**Record set:**
Content starts
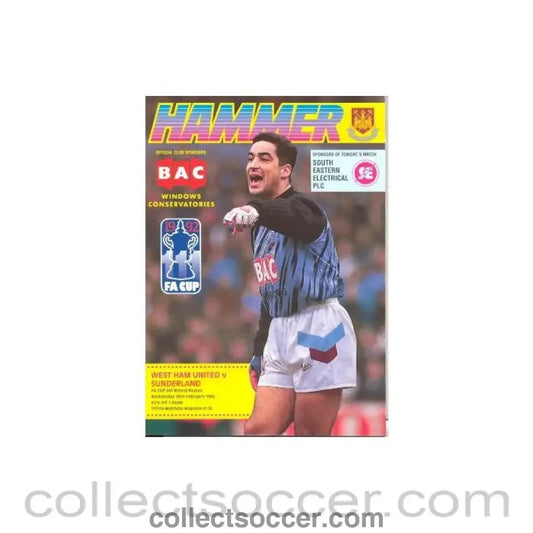 1992 - West Ham United v Sunderland official programme 26/02/1992 - Collect Soccer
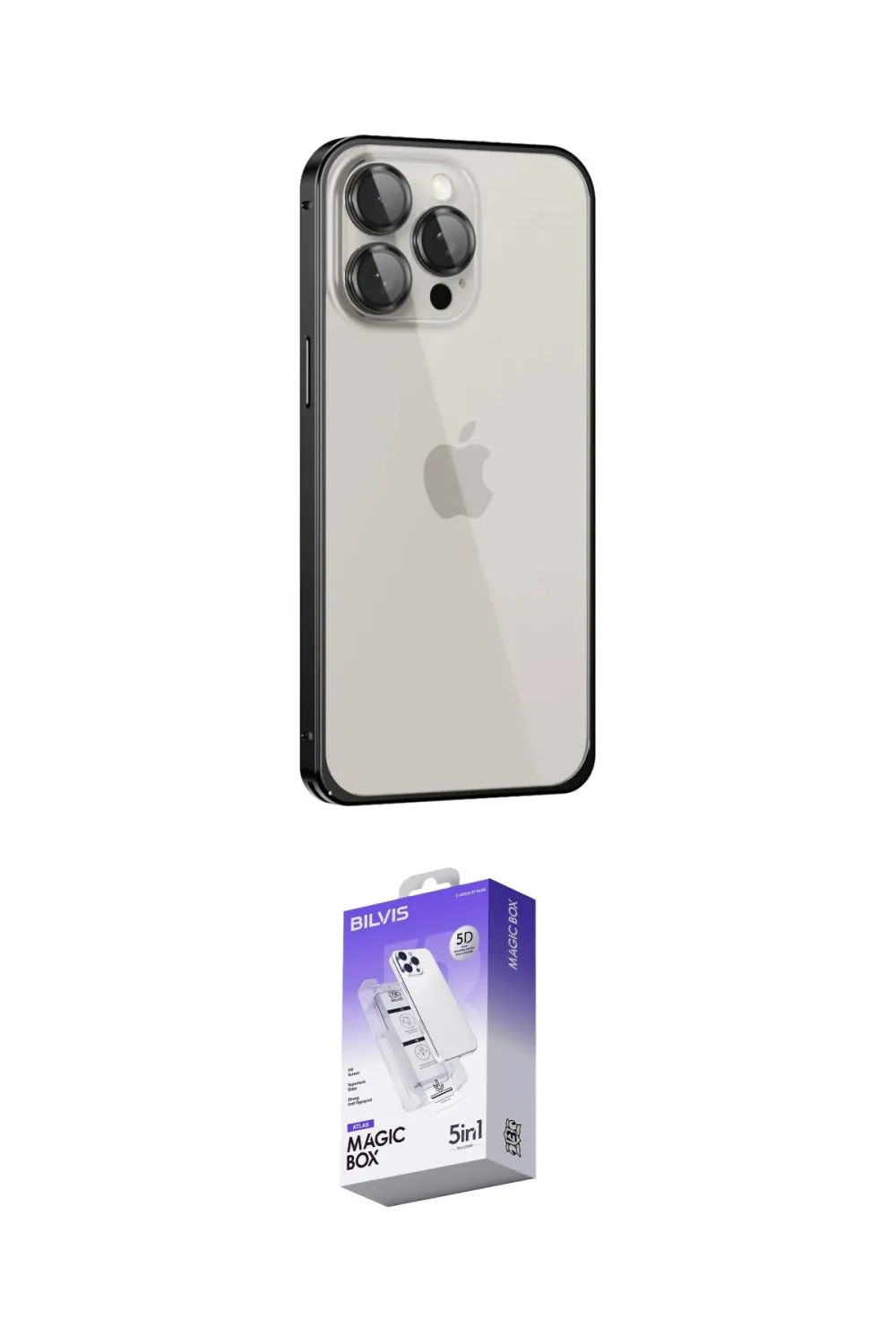ieg™ iPhone 15 Pro Max Kılıf Eksen Form Serisi - Siyah Bilvis 5in1 3D Magic Cam Ekran Koruyucu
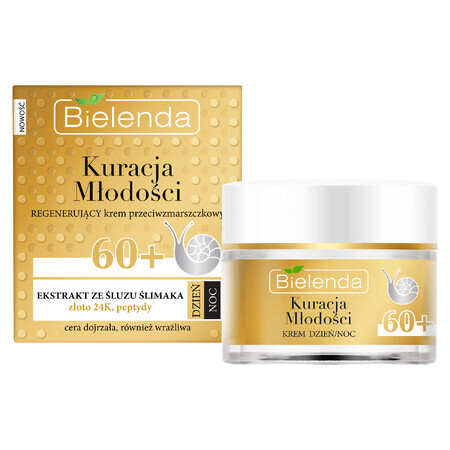 Bielenda Tratamiento Juventud, crema regeneradora antiarrugas 60+, día y noche, 50 ml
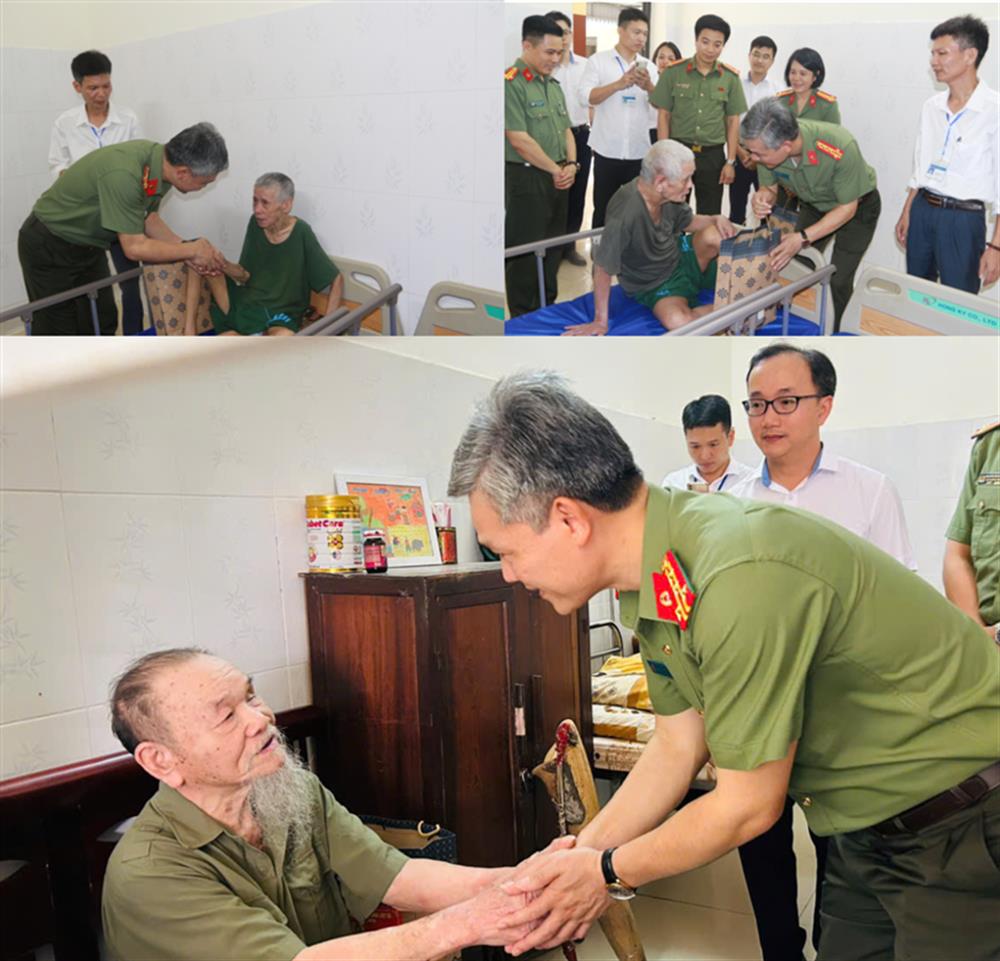 Đoàn công tác đến thăm hỏi và trao quà cho các thương, bệnh binh nặng.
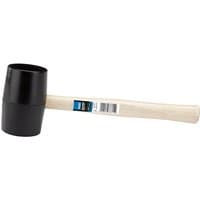 Draper rubber mallet with black head and light hardwood shaft, 800g/32oz, featuring a blue and white label.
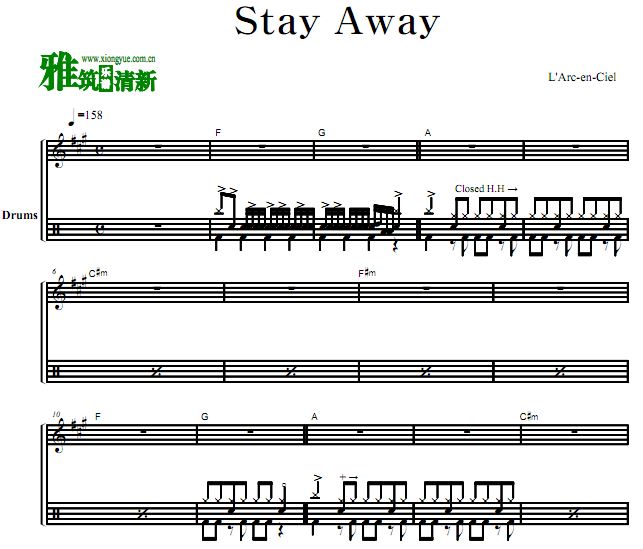 彩虹乐队鼓谱 L'Arc~en~ciel - Stay Away架子鼓谱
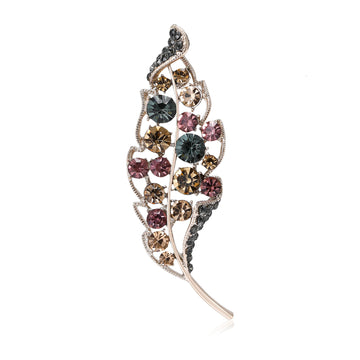 Curved Crystal Feather Brooch with Multicolor Stones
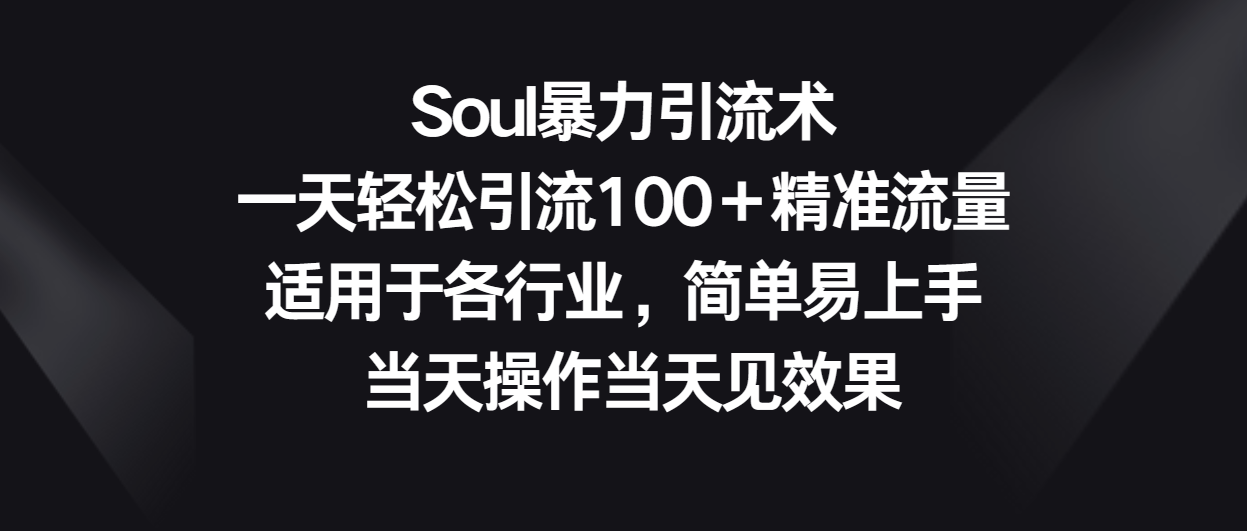 Soul暴力引流术，一天轻松引流100＋精准流量，适用于各行业，简单易上手！插图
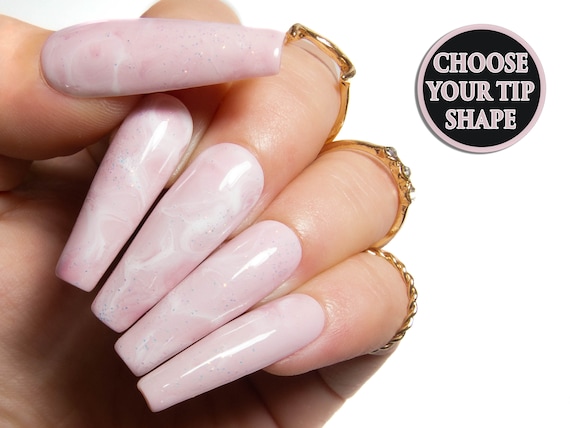Pink Marble Nails Coffin Nails Fake Nails Gifts for - Etsy Isra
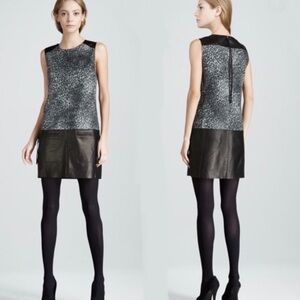 Rebecca Taylor Leopard Print Leather‎ Sheath Dress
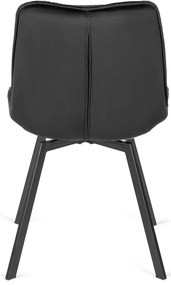 Bézs Bársony Forgó Étkezőszék Fekete Színben. MARCO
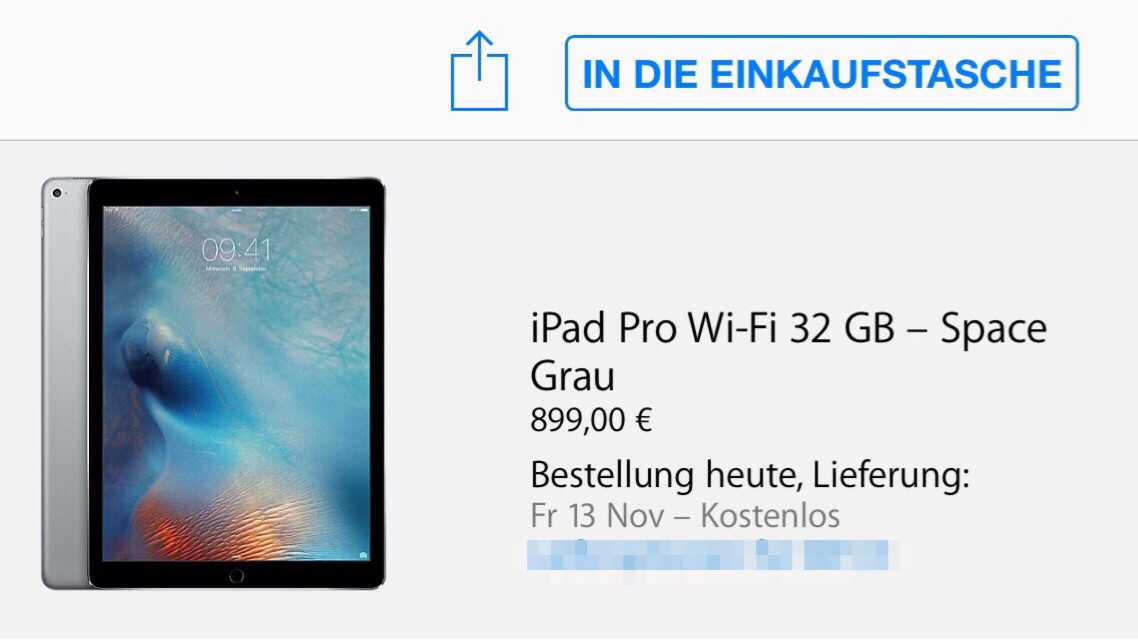 Los gehts: iPad Pro bestellen im Apple Store, 900 Euro für günstigstes iPad Pro Modell 7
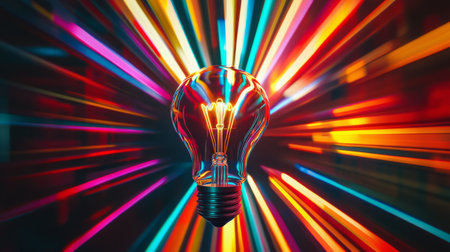 A vibrant image of a light bulb with colorful rays extending outward, symbolizing a burst of creative ideas and inspiration in a visually engaging way.の素材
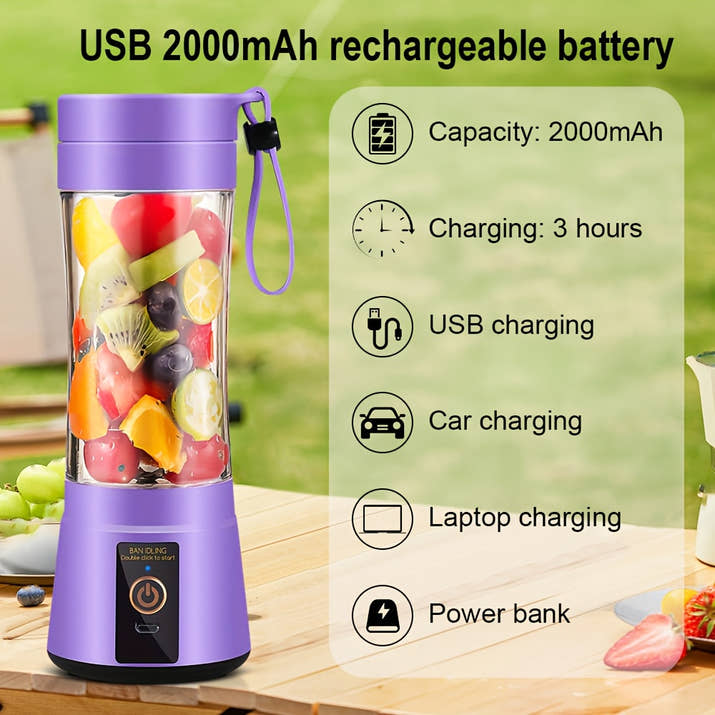 12.85 Oz Rechargeable Portable Blender Cup, Electric USB Juicer Blender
Content ends
**Task to carry out:**
Nothing but the lines from the line with "Bézs Bársony Forgó" through the end of the listing should appear in the answer, each duplicated exactly, without pictures.

**Solution for this task:**
 Bézs Bársony Forgó Étkezőszék Fekete Színben. MARCO
 Los gehts: iPad Pro bestellen im Apple Store, 900 Euro für günstigstes iPad Pro Modell 7
 A vibrant image of a light bulb with colorful rays extending outward, symbolizing a burst of creative ideas and inspiration in a visually engaging way.の素材
 12.85 Oz Rechargeable Portable Blender Cup, Electric USB Juicer Blender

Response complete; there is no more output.